Vegan Pesto Stuffed Gnocchi

Vegan Pesto Stuffed Gnocchi is homemade gnocchi stuffed with vegan homemade or store bought pesto. It’s a delicious warm and satisfying meal to end a long, busy day.

Recipe Contributor – The Vegan Sara (Instagram)

Are you familiar with non vegan gnocchi? Gnocchi are a variety of pasta consisting of various thick, small, and soft dough dumplings. Theses dumplings may be made from semolina, ordinary wheat flour, egg, cheese, potato, breadcrumbs, cornmeal or similar ingredients. And at times gnocchi include flavorings of herbs, vegetables, cocoa or prunes. Vegan gnocchi of course uses no eggs or cow’s milk butter. In other words, no animal products of any kind.

Sidenote – Have you seen the new movie coming out in September named “The Game Changers?” For anyone who believes in eating plants, and especially for those on the edge of deciding “do I or don’t I change to a plant based diet,” you have got to watch the trailer for this movie. I can’t wait to see it!

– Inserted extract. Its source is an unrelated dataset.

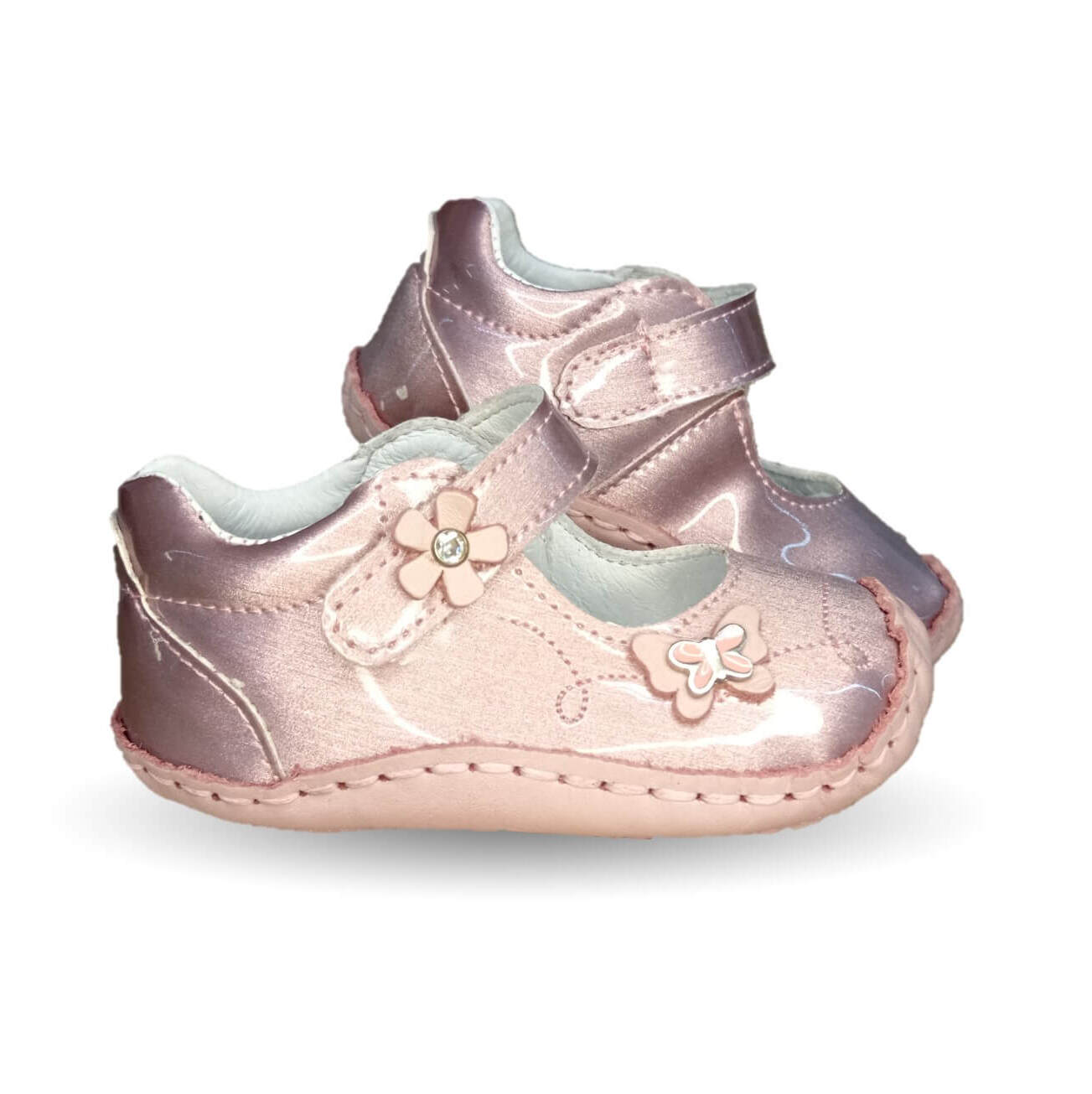 Zapatos para bebé con contactel Delin Kids 70 Charol Lila para niña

If you love gnocchi and you love pesto this stuffed gnocchi is definitely a must try. And pesto is readily easy to come by. Just make sure that the parmesan in it is vegan parmesan, or that it doesn’t have any parmesan at all. If you’d like to try a good pesto recipe, take a look at Basil Pesto Pasta. The Pesto is absolutely delish and would work well with this recipe!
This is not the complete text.